» EXERCISE BRIEF
For the records that follow, please set down exactly the lines between the one holding "Лот: 5017520. Фото: 1." and the one holding "2-Door Merchandiser Refrigerator", inclusive, and only those.

□ □ □ □ □ □ □

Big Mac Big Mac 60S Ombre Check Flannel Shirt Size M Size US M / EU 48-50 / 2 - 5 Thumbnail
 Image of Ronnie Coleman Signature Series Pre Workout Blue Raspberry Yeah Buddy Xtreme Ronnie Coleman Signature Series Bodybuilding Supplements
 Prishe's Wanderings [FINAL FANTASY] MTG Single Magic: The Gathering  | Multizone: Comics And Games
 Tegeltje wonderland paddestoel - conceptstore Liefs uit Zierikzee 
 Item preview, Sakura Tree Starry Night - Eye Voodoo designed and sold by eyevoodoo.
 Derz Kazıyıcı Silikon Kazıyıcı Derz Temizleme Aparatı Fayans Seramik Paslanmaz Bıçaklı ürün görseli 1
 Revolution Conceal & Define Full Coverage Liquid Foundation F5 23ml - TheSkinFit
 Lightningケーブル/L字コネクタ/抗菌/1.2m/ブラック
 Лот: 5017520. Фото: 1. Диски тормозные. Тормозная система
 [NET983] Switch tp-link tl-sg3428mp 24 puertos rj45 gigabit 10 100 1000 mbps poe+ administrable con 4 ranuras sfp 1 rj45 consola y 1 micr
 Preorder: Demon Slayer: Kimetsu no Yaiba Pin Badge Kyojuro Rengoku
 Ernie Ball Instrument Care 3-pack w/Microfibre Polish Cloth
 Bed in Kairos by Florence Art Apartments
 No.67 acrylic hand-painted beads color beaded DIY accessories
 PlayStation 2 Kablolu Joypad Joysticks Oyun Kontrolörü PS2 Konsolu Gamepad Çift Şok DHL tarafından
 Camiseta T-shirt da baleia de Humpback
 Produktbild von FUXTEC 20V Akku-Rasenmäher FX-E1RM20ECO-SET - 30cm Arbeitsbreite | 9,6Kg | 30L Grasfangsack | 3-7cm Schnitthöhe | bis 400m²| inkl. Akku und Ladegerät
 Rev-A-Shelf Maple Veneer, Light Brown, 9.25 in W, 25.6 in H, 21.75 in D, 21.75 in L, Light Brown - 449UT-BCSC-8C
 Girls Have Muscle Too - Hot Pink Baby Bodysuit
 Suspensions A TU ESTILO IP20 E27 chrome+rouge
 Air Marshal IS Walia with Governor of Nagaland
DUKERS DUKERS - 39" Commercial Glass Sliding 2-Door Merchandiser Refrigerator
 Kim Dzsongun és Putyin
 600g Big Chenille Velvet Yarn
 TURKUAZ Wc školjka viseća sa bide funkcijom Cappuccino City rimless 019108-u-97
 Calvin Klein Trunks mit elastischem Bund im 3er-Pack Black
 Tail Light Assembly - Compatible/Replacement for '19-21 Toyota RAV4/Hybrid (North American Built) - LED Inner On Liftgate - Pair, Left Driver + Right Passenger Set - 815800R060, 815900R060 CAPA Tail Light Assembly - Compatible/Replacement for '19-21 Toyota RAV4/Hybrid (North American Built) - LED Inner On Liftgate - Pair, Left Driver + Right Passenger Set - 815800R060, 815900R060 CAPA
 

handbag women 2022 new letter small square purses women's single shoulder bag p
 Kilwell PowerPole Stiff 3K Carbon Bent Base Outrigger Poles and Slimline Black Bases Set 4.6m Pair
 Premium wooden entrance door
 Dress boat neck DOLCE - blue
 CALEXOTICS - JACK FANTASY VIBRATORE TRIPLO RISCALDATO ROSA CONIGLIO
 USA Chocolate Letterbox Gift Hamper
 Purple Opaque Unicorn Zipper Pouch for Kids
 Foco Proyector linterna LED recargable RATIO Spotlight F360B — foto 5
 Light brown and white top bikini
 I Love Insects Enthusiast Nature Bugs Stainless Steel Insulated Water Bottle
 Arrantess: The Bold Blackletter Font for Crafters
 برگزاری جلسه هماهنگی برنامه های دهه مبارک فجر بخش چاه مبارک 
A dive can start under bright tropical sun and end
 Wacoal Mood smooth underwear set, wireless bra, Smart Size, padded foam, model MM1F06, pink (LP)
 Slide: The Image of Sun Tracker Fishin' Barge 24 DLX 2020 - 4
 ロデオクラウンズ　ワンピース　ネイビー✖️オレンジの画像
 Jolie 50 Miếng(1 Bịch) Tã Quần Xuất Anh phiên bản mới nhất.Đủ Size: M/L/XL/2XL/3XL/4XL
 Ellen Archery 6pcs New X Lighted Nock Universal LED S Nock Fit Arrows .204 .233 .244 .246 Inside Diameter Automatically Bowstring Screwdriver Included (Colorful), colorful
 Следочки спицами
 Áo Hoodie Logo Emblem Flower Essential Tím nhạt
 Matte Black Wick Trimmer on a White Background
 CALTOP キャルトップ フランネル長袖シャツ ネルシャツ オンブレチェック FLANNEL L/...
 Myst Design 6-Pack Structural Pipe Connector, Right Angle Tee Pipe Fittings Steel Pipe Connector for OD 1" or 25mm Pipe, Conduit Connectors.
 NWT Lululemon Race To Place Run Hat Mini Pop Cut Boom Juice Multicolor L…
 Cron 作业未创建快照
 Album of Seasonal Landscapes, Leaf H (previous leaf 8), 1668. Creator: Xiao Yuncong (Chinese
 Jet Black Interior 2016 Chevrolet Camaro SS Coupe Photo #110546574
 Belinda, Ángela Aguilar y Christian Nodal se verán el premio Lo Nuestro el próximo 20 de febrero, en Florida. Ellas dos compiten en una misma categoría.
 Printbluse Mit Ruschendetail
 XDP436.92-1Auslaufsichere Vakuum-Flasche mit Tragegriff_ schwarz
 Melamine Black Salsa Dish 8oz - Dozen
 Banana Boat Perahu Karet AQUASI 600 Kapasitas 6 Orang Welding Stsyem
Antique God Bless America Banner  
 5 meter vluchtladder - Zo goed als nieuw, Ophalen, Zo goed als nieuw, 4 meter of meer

□ □ □ □ □ □ □

» SOLUTION TO THIS EXERCISE
 Лот: 5017520. Фото: 1. Диски тормозные. Тормозная система
 [NET983] Switch tp-link tl-sg3428mp 24 puertos rj45 gigabit 10 100 1000 mbps poe+ administrable con 4 ranuras sfp 1 rj45 consola y 1 micr
 Preorder: Demon Slayer: Kimetsu no Yaiba Pin Badge Kyojuro Rengoku
 Ernie Ball Instrument Care 3-pack w/Microfibre Polish Cloth
 Bed in Kairos by Florence Art Apartments
 No.67 acrylic hand-painted beads color beaded DIY accessories
 PlayStation 2 Kablolu Joypad Joysticks Oyun Kontrolörü PS2 Konsolu Gamepad Çift Şok DHL tarafından
 Camiseta T-shirt da baleia de Humpback
 Produktbild von FUXTEC 20V Akku-Rasenmäher FX-E1RM20ECO-SET - 30cm Arbeitsbreite | 9,6Kg | 30L Grasfangsack | 3-7cm Schnitthöhe | bis 400m²| inkl. Akku und Ladegerät
 Rev-A-Shelf Maple Veneer, Light Brown, 9.25 in W, 25.6 in H, 21.75 in D, 21.75 in L, Light Brown - 449UT-BCSC-8C
 Girls Have Muscle Too - Hot Pink Baby Bodysuit
 Suspensions A TU ESTILO IP20 E27 chrome+rouge
 Air Marshal IS Walia with Governor of Nagaland
DUKERS DUKERS - 39" Commercial Glass Sliding 2-Door Merchandiser Refrigerator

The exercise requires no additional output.